What is expected: Reproduce, character for character, the lines below from the first through the one with "2009 Nissan Versa". Leave pictures out.

Extracted records:
Content starts
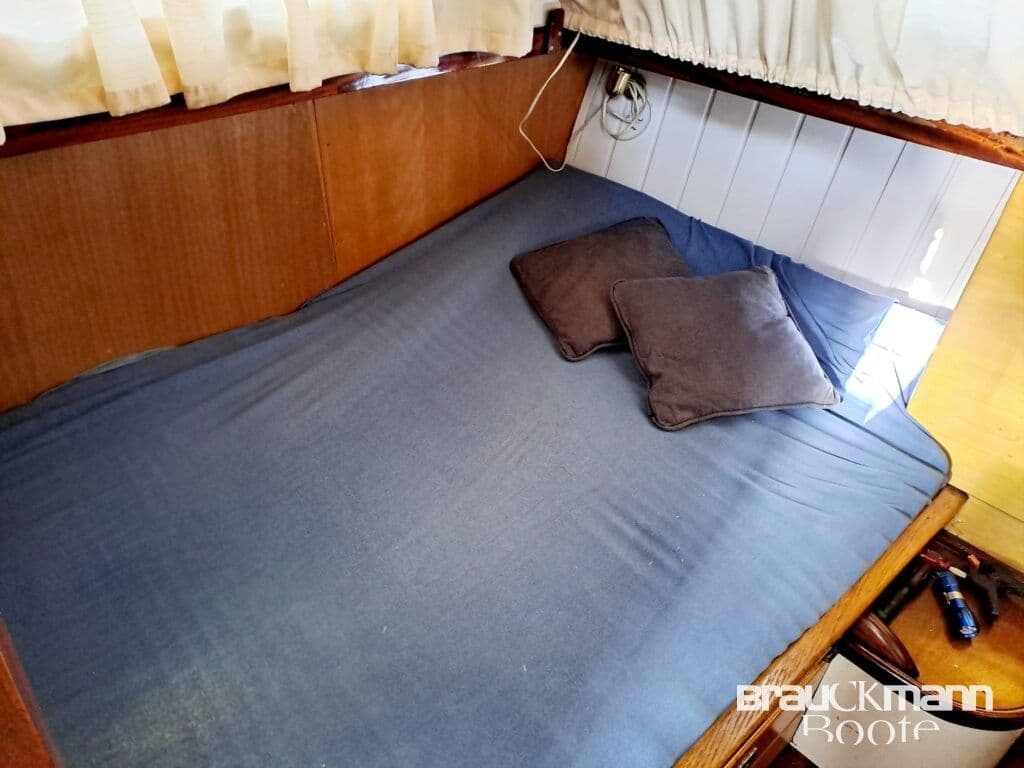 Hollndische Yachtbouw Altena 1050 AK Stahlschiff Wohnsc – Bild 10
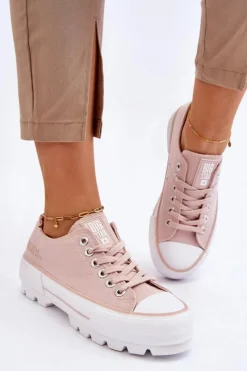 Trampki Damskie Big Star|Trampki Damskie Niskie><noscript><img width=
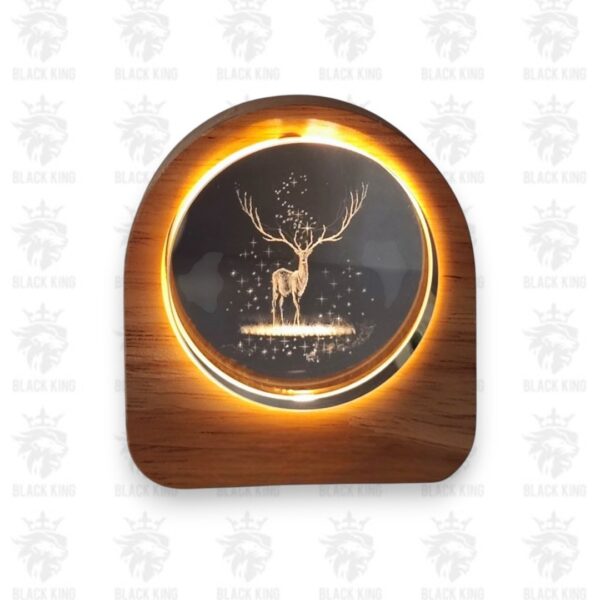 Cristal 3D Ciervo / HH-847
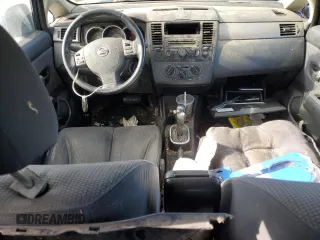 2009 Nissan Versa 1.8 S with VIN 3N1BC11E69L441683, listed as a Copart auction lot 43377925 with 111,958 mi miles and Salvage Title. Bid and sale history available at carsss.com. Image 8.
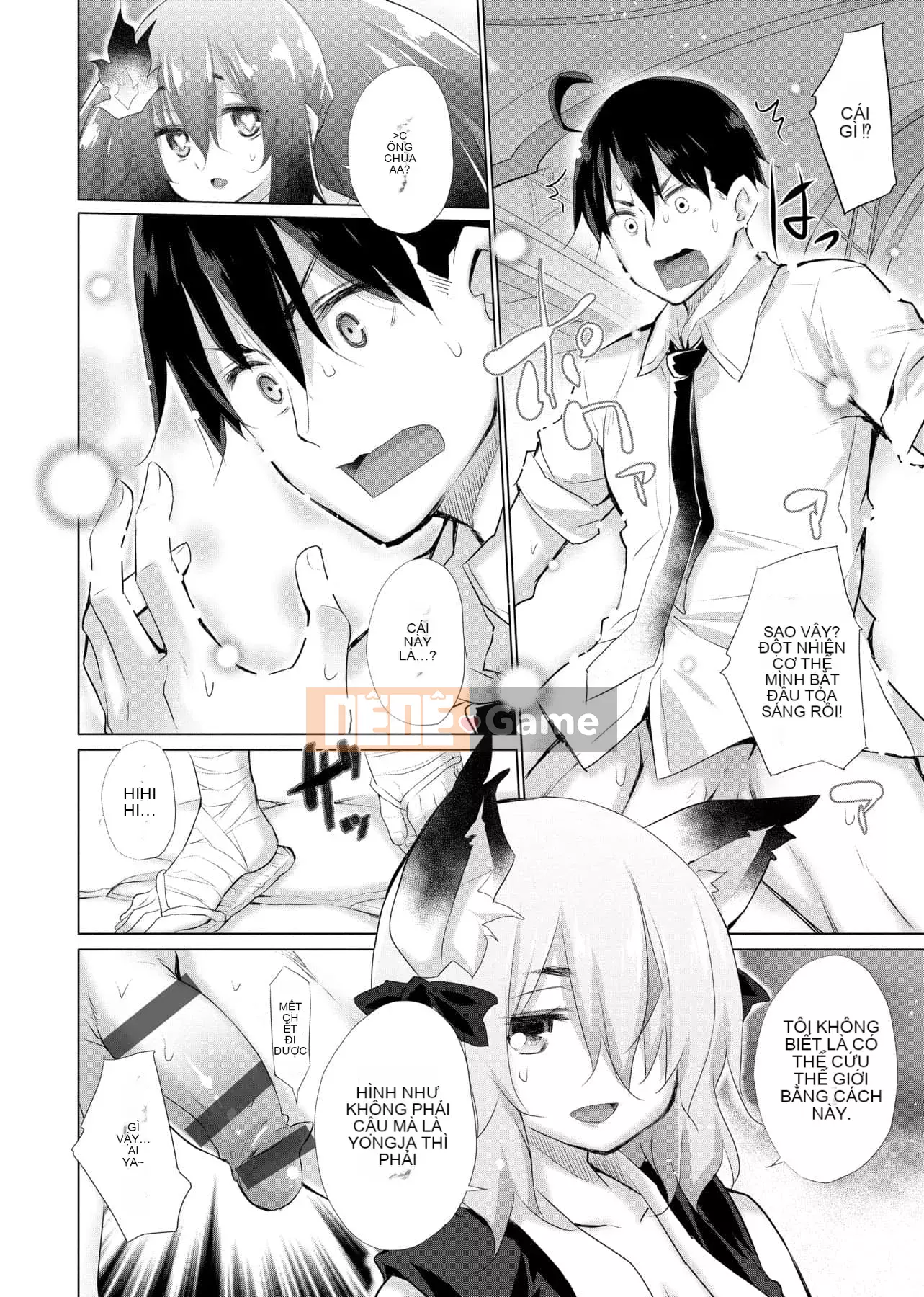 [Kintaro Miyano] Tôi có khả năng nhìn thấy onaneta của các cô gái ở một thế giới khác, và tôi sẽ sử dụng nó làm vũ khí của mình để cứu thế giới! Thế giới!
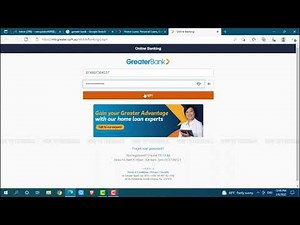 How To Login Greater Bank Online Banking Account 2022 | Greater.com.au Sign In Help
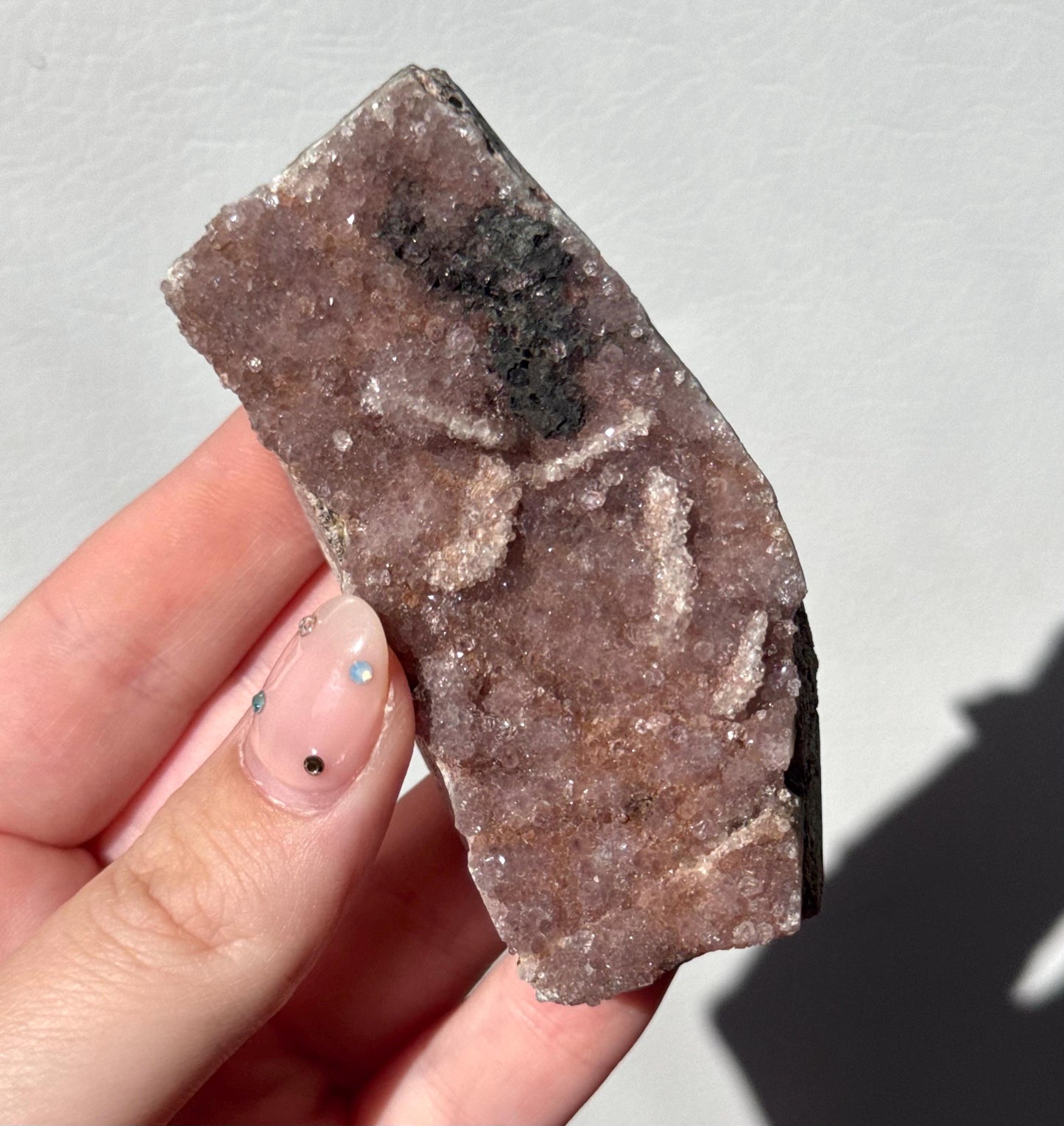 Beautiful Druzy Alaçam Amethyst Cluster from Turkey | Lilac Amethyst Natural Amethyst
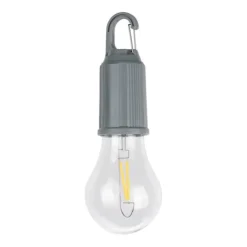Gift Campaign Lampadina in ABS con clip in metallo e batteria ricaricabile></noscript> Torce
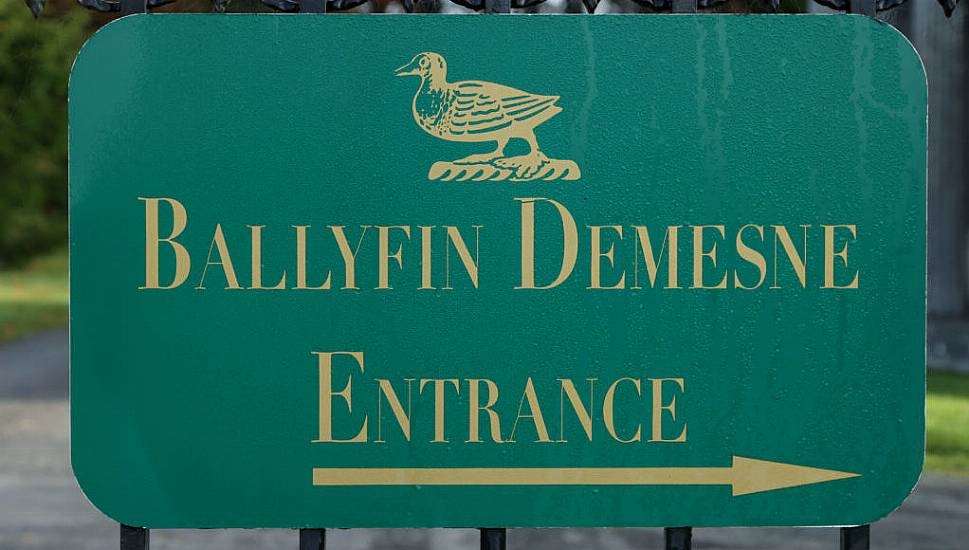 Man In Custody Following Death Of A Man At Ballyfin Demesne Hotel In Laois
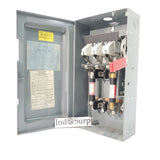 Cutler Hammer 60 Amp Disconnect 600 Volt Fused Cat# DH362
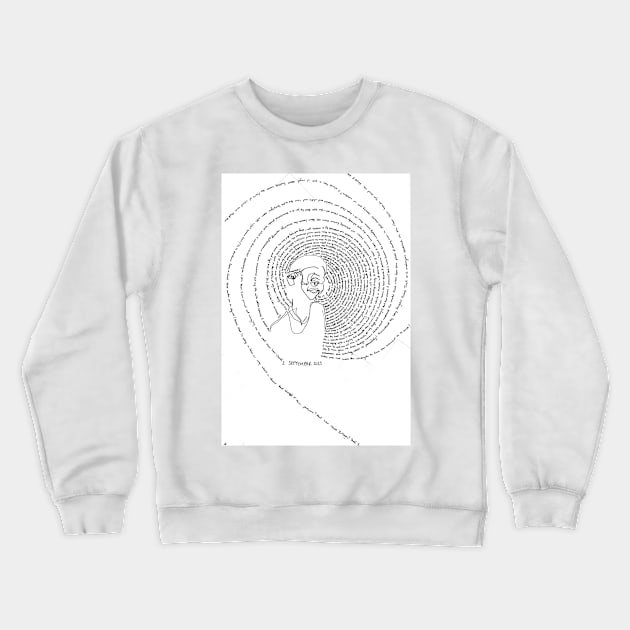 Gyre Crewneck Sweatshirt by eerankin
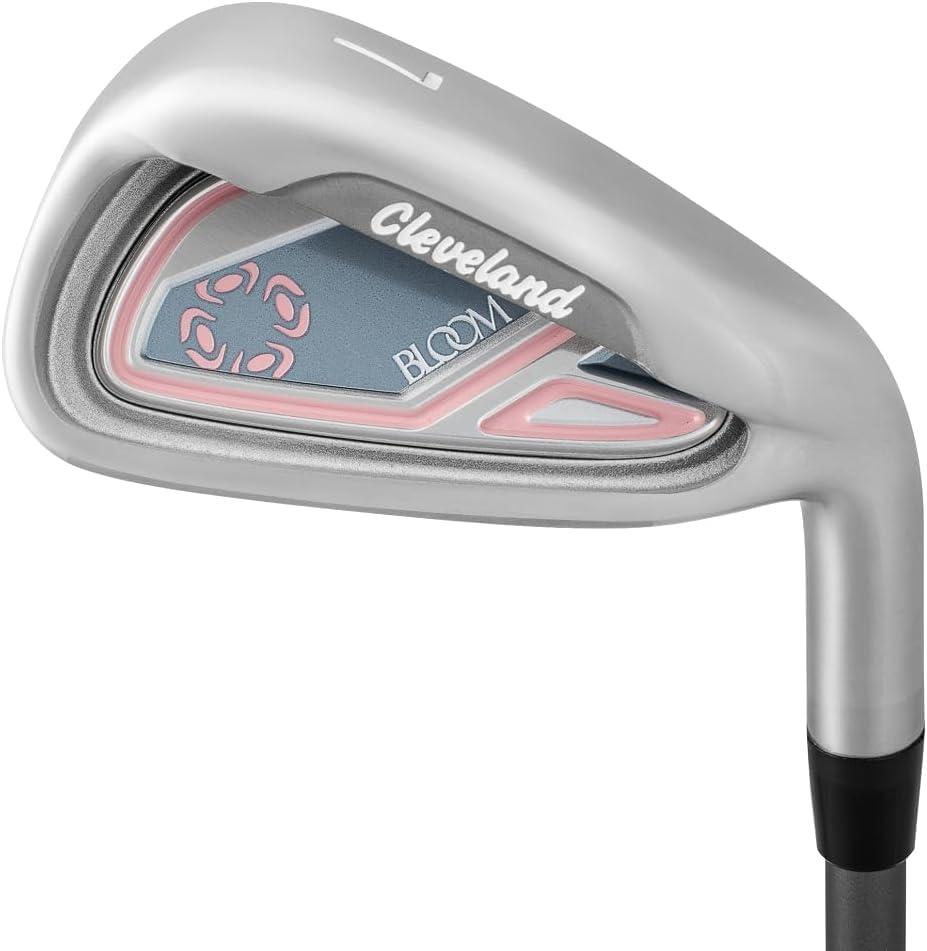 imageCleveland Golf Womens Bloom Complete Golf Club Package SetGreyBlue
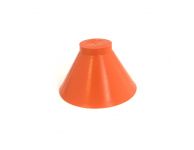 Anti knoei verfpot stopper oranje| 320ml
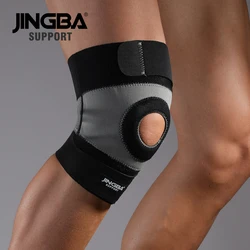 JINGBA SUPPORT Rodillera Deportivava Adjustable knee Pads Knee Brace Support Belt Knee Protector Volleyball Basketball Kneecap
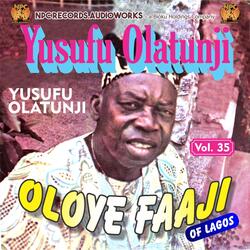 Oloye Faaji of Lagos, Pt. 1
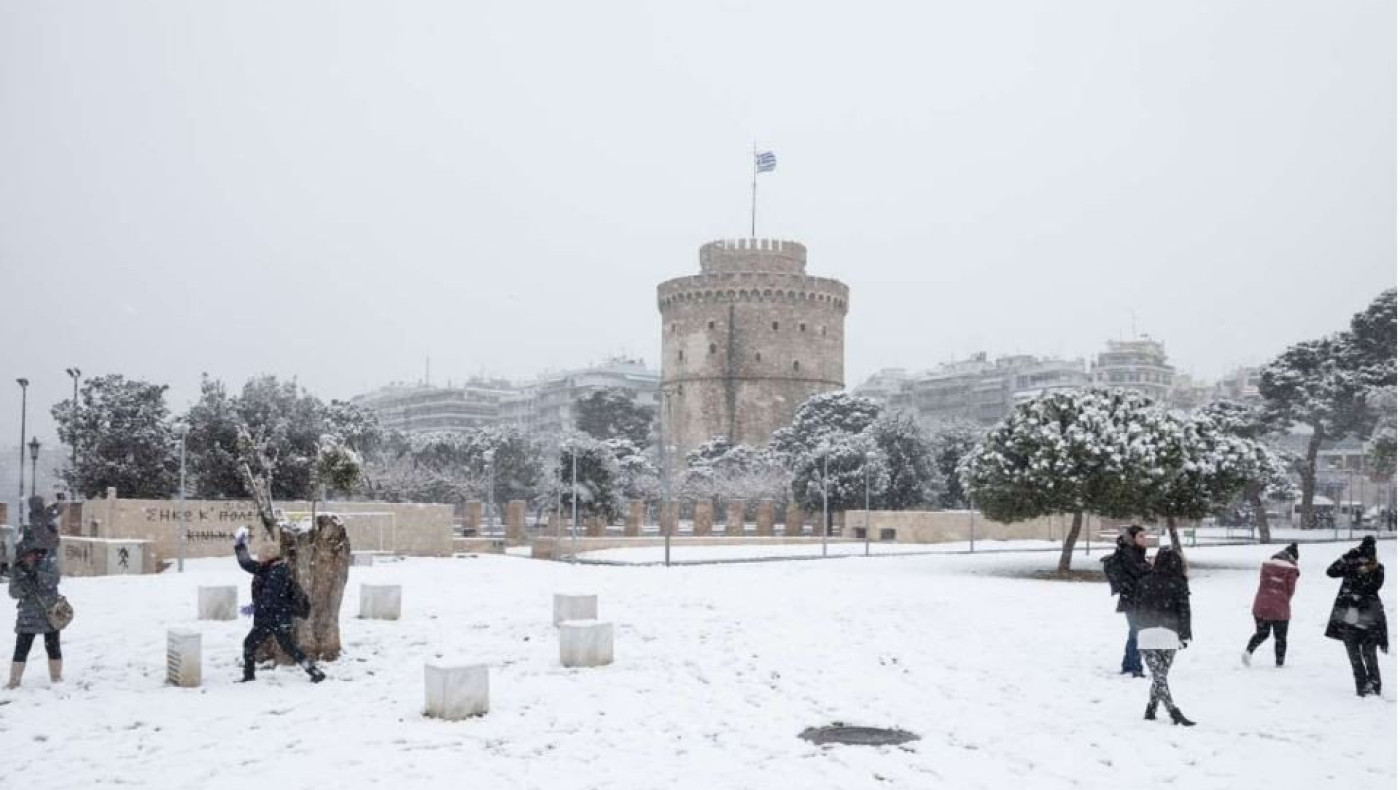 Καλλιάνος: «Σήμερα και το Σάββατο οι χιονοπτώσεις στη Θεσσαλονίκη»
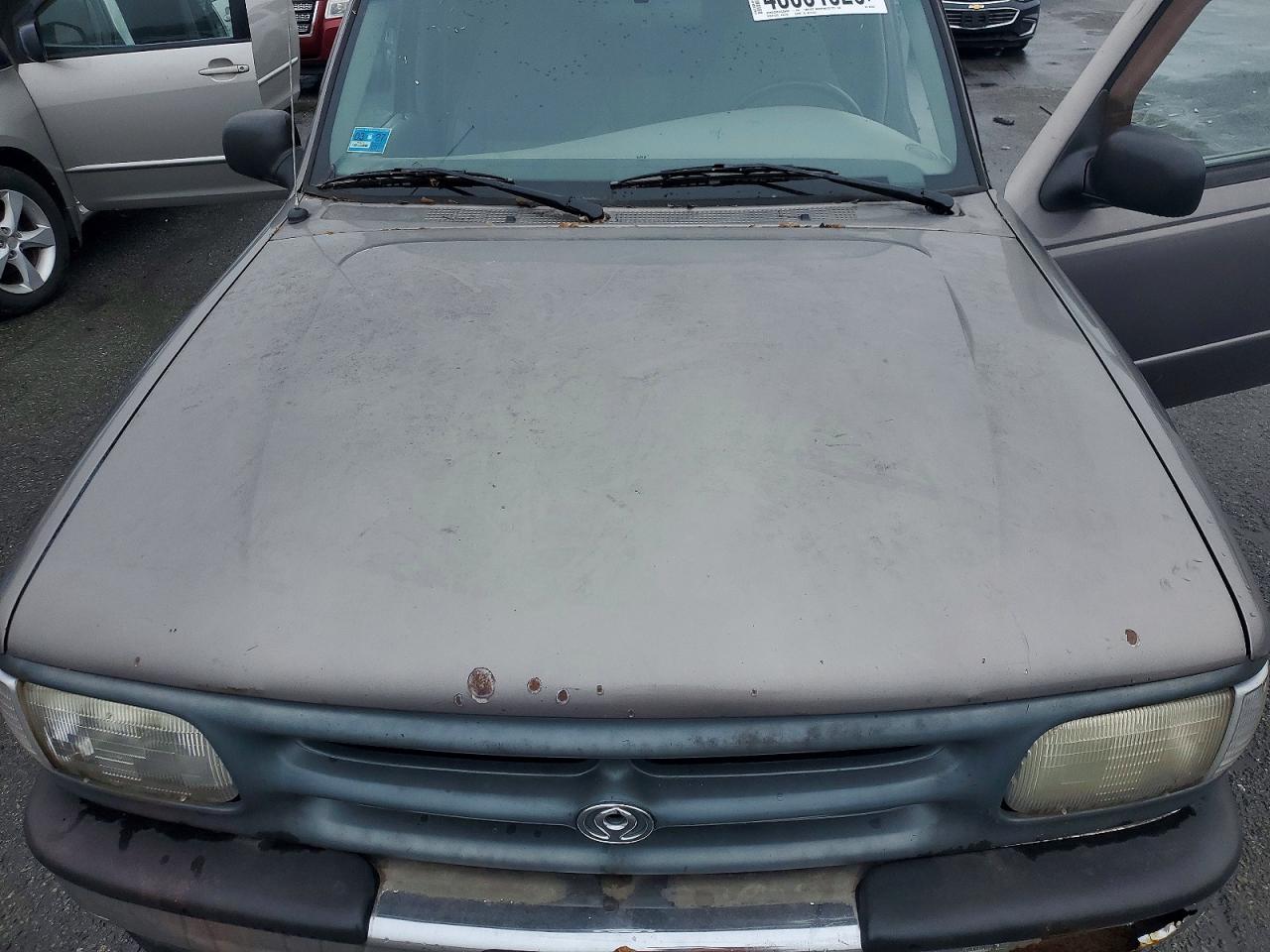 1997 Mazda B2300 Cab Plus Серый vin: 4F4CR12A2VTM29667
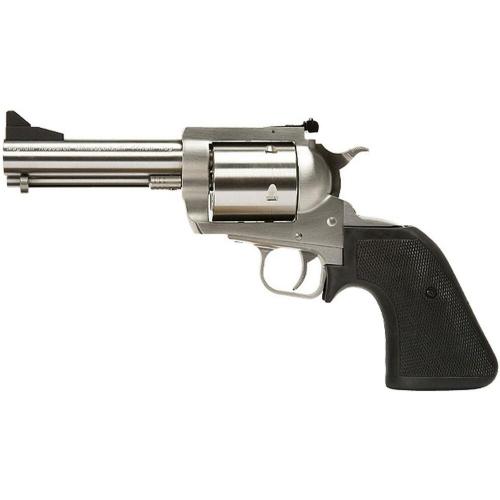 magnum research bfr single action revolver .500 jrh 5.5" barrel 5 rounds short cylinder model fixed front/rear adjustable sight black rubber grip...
Content ends
Written response:
 Hollndische Yachtbouw Altena 1050 AK Stahlschiff Wohnsc – Bild 10
 Trampki Damskie Big Star|Trampki Damskie Niskie><noscript><img width=
 Cristal 3D Ciervo / HH-847
 2009 Nissan Versa 1.8 S with VIN 3N1BC11E69L441683, listed as a Copart auction lot 43377925 with 111,958 mi miles and Salvage Title. Bid and sale history available at carsss.com. Image 8.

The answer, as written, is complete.